__AVAILABLE DATA__.
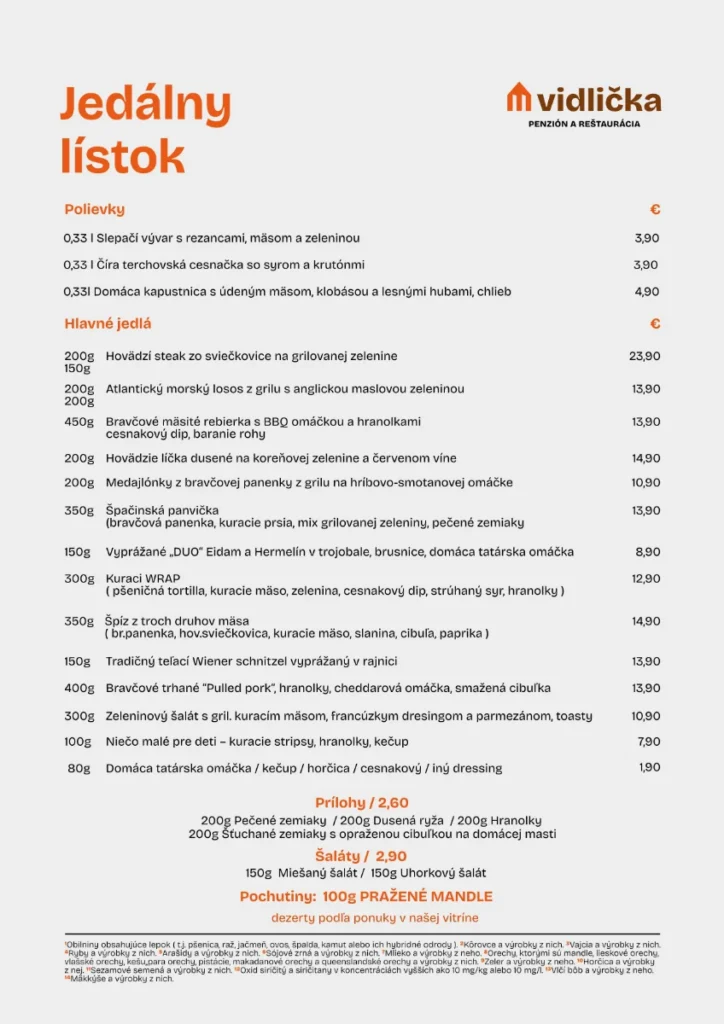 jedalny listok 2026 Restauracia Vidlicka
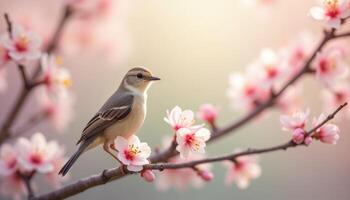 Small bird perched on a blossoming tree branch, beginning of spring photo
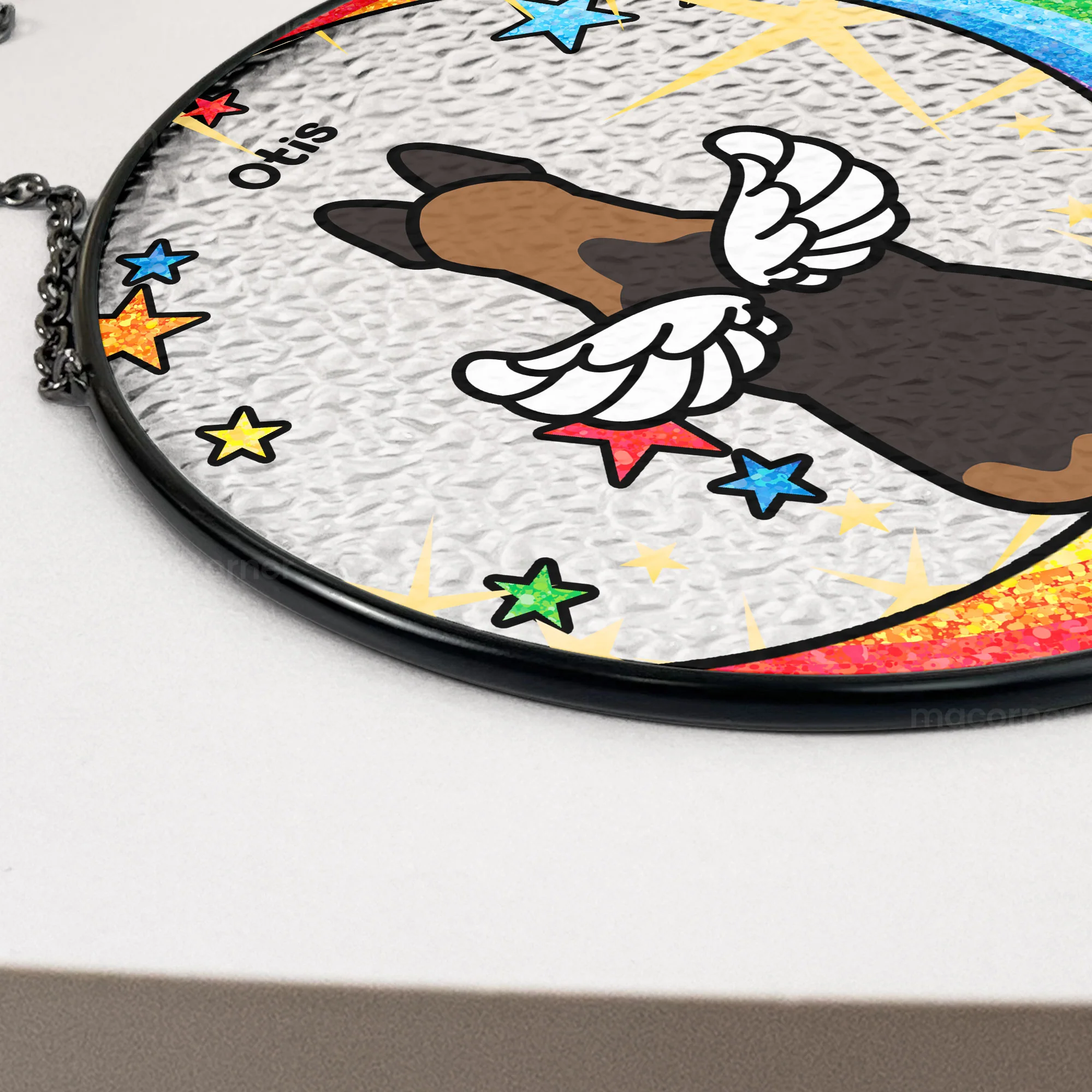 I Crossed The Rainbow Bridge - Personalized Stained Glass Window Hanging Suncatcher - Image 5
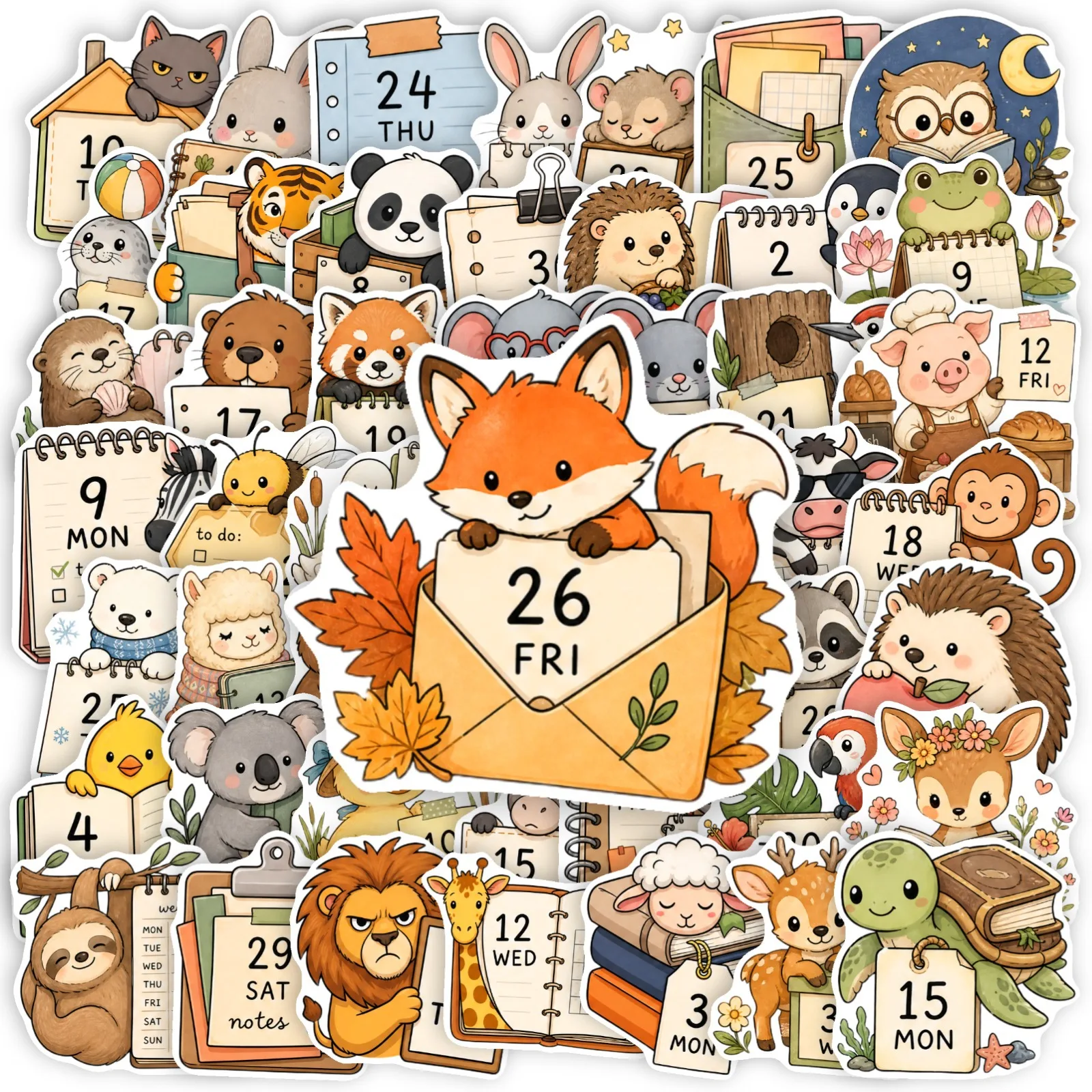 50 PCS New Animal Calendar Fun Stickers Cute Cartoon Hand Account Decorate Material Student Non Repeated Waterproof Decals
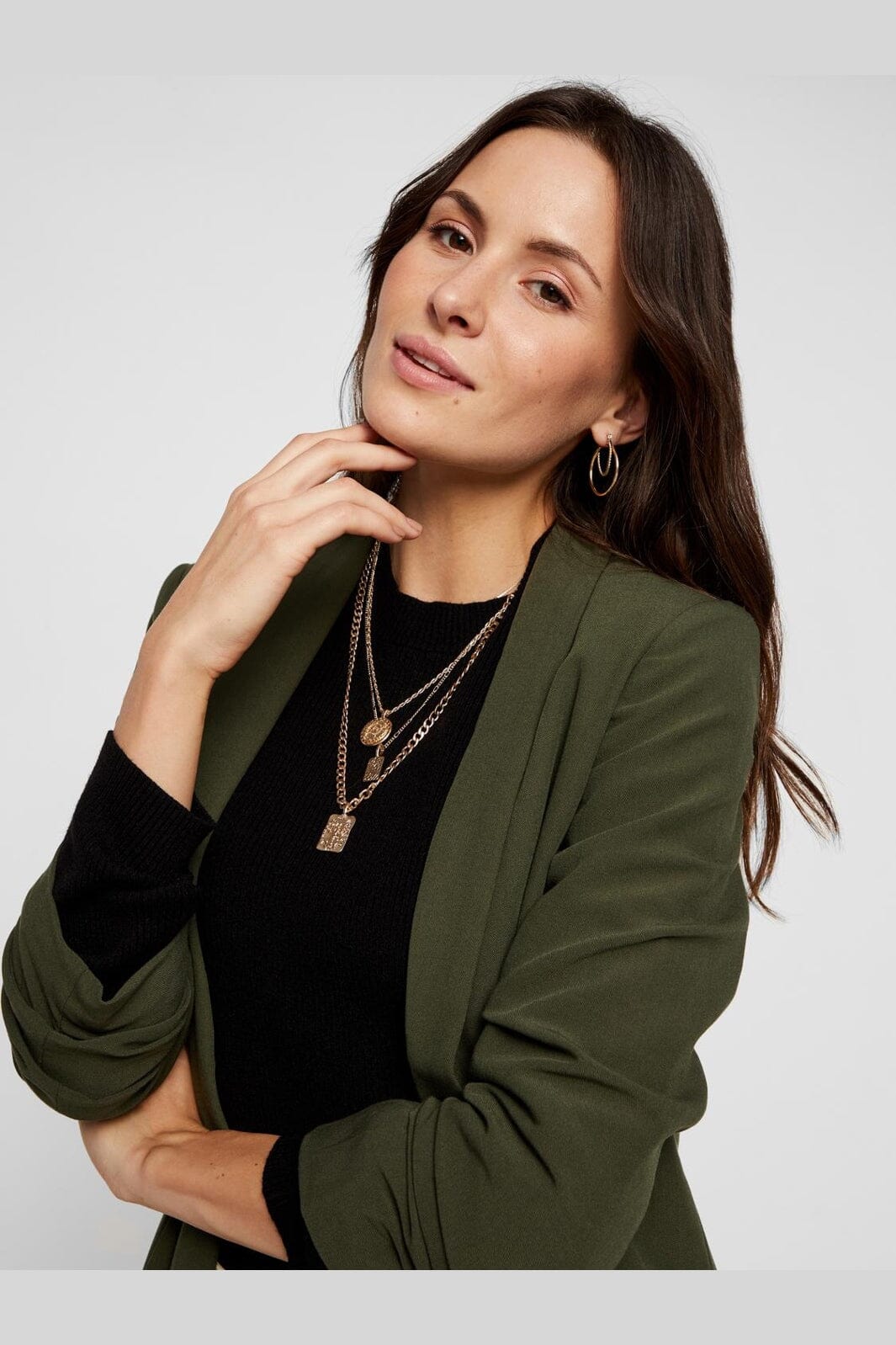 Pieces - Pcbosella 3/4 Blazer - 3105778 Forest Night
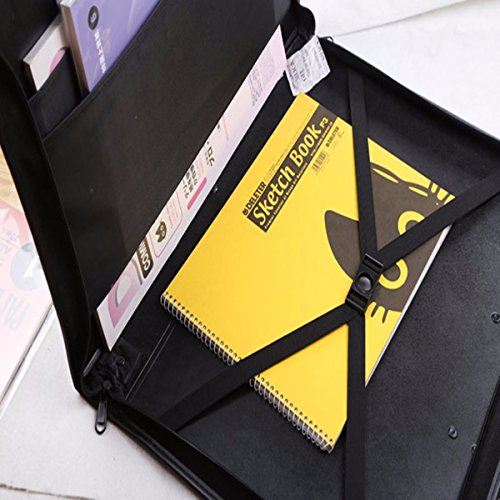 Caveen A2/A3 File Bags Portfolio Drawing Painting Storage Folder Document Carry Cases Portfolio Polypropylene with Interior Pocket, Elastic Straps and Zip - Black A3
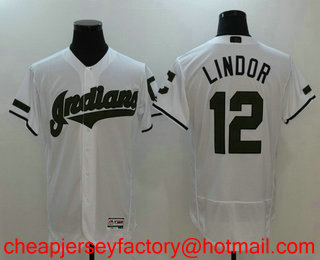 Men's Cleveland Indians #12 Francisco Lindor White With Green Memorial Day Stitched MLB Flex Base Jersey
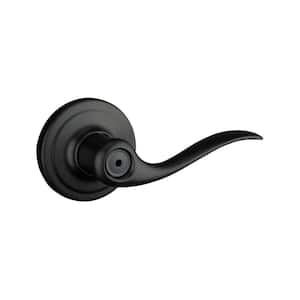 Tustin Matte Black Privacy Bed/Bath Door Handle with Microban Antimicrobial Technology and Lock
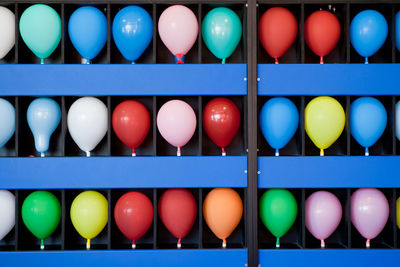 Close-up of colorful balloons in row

__WORK ORDER__.
Repeat each line above exactly. The pictures stay out.

__OUTPUT BELOW__.
 jedalny listok 2026 Restauracia Vidlicka
 Small bird perched on a blossoming tree branch, beginning of spring photo
 I Crossed The Rainbow Bridge - Personalized Stained Glass Window Hanging Suncatcher - Image 5
 50 PCS New Animal Calendar Fun Stickers Cute Cartoon Hand Account Decorate Material Student Non Repeated Waterproof Decals
 Pieces - Pcbosella 3/4 Blazer - 3105778 Forest Night
 Caveen A2/A3 File Bags Portfolio Drawing Painting Storage Folder Document Carry Cases Portfolio Polypropylene with Interior Pocket, Elastic Straps and Zip - Black A3
 Men's Cleveland Indians #12 Francisco Lindor White With Green Memorial Day Stitched MLB Flex Base Jersey
 Tustin Matte Black Privacy Bed/Bath Door Handle with Microban Antimicrobial Technology and Lock
 Close-up of colorful balloons in row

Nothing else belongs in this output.